◆ DATA TO PROCESS ◆
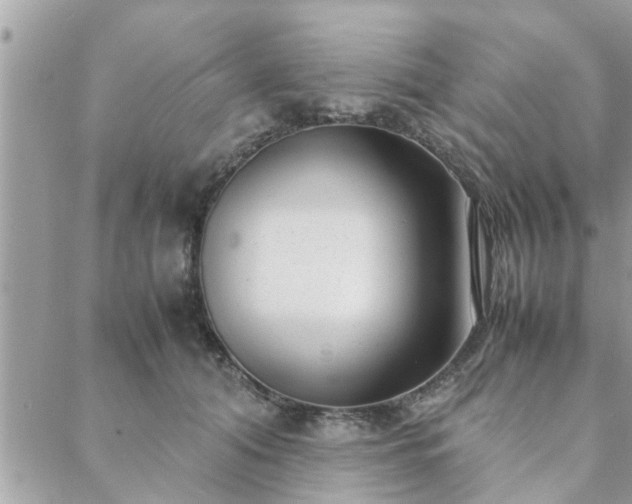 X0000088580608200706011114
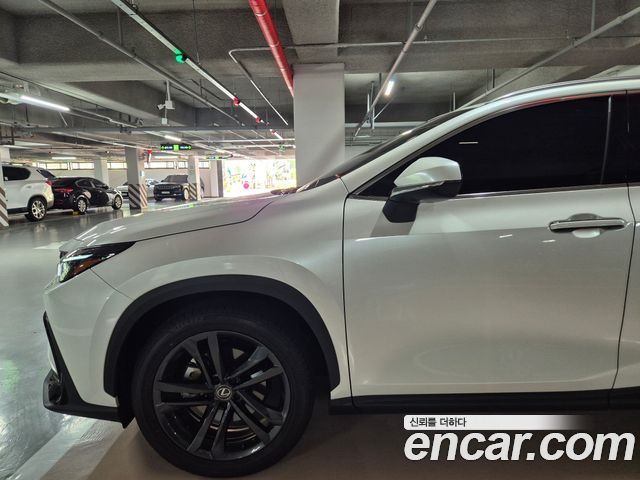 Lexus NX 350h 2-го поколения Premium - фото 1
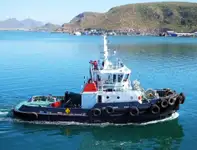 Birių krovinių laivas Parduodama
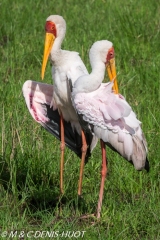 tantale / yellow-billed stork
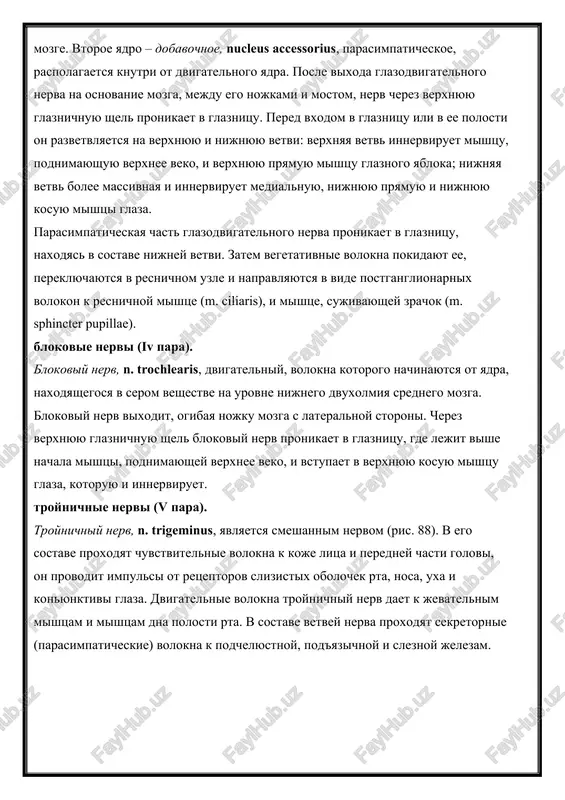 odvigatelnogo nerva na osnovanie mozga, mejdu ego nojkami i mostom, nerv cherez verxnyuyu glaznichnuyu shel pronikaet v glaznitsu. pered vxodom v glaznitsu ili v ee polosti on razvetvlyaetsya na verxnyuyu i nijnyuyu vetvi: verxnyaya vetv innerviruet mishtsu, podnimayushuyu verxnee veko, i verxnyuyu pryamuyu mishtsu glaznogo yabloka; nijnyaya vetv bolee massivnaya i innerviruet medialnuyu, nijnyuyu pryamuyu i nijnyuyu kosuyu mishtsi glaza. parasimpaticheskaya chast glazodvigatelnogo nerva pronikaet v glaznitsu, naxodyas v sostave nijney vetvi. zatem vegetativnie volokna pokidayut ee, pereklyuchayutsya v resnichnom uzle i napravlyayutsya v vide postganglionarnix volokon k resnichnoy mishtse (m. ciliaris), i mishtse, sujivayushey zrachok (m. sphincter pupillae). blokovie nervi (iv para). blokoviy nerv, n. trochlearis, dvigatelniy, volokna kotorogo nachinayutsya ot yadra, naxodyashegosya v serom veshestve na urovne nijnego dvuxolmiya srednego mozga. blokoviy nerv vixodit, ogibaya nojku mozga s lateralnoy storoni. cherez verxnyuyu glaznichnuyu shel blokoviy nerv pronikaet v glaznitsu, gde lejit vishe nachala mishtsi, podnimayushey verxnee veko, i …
---
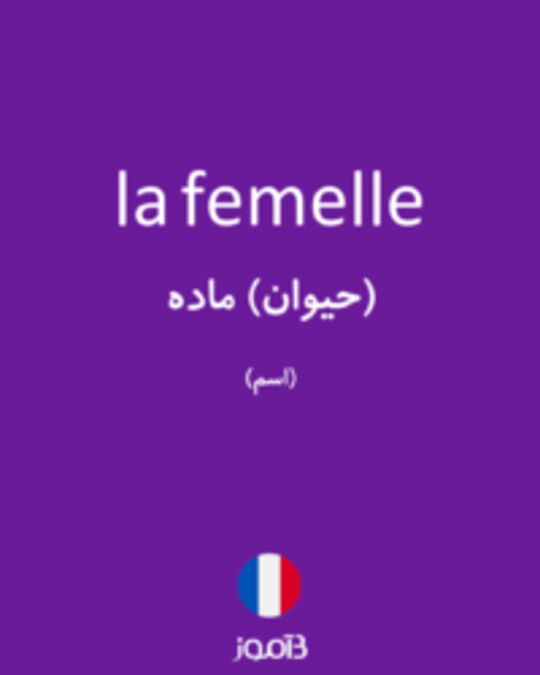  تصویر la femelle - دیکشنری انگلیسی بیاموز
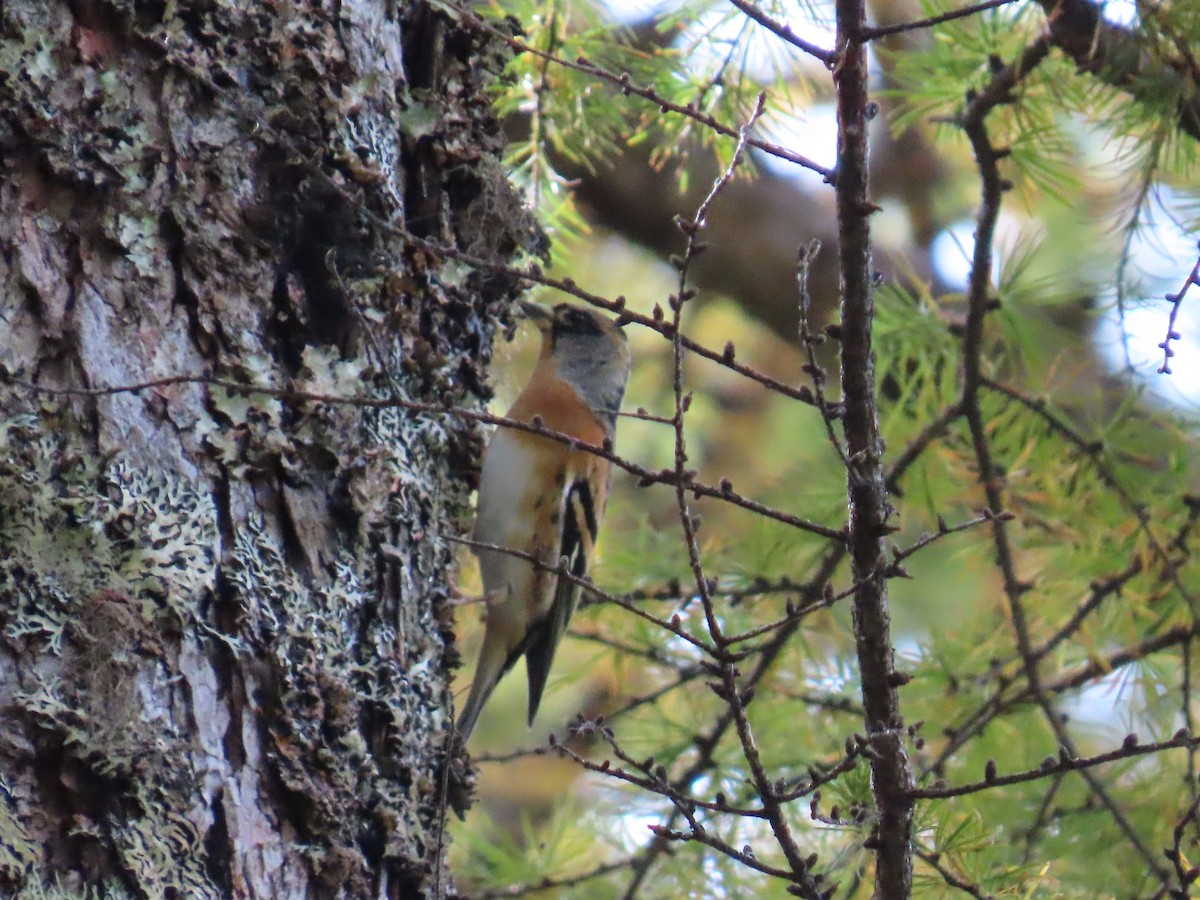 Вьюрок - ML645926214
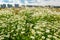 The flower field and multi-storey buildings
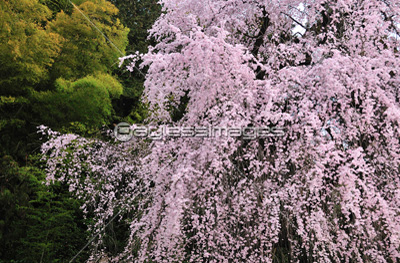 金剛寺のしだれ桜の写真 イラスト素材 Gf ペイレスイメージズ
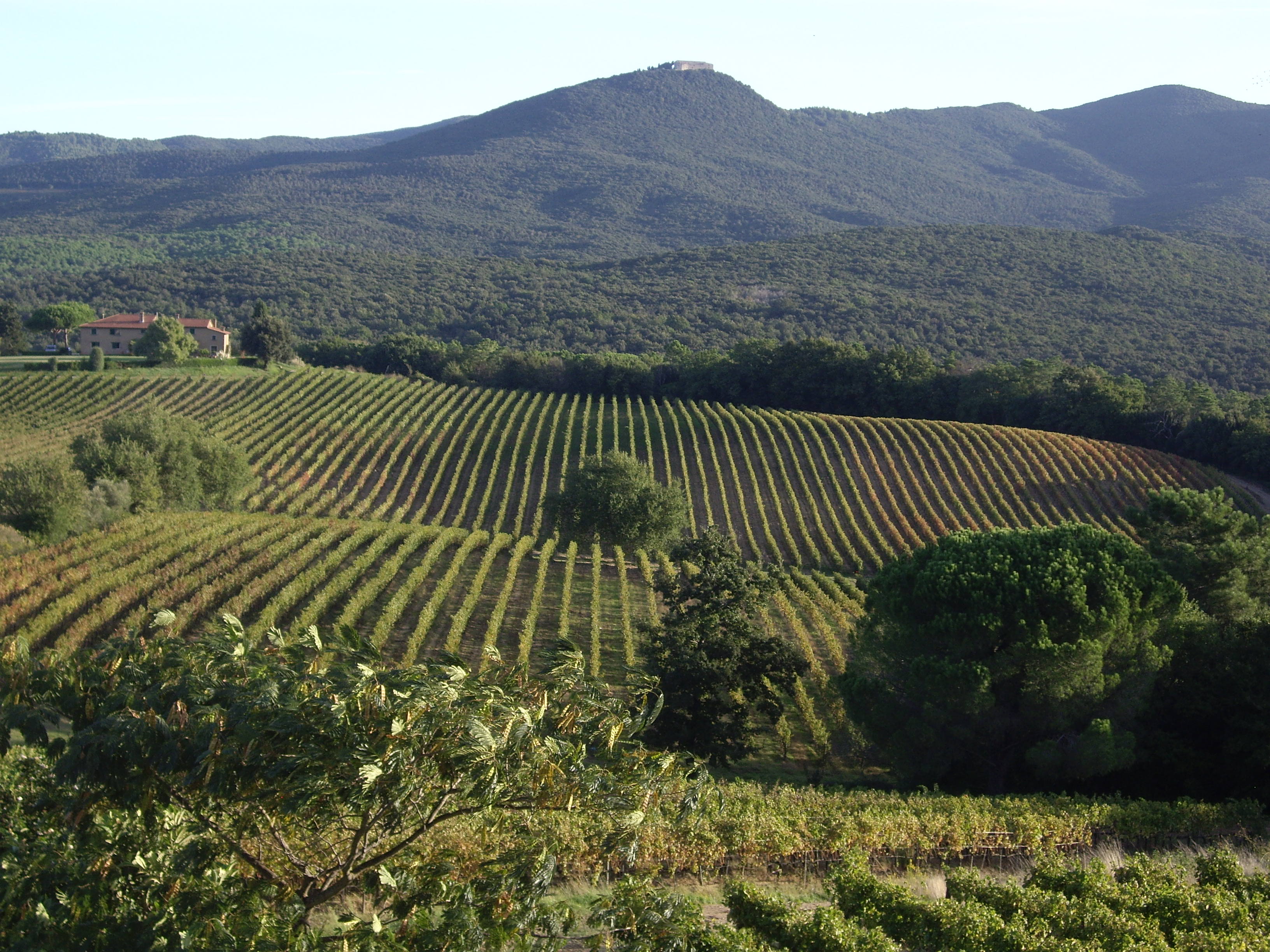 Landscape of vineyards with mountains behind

◆ YOUR OBJECTIVE ◆
In the records above, everything from the line with "X0000088580608200706011114" down to the line with "tantale / yellow-billed stork" is to be set down exactly, both ends included, with no pictures and no other lines.

◆ ANSWER BOX ◆
 X0000088580608200706011114
 Lexus NX 350h 2-го поколения Premium - фото 1
 Birių krovinių laivas Parduodama
 tantale / yellow-billed stork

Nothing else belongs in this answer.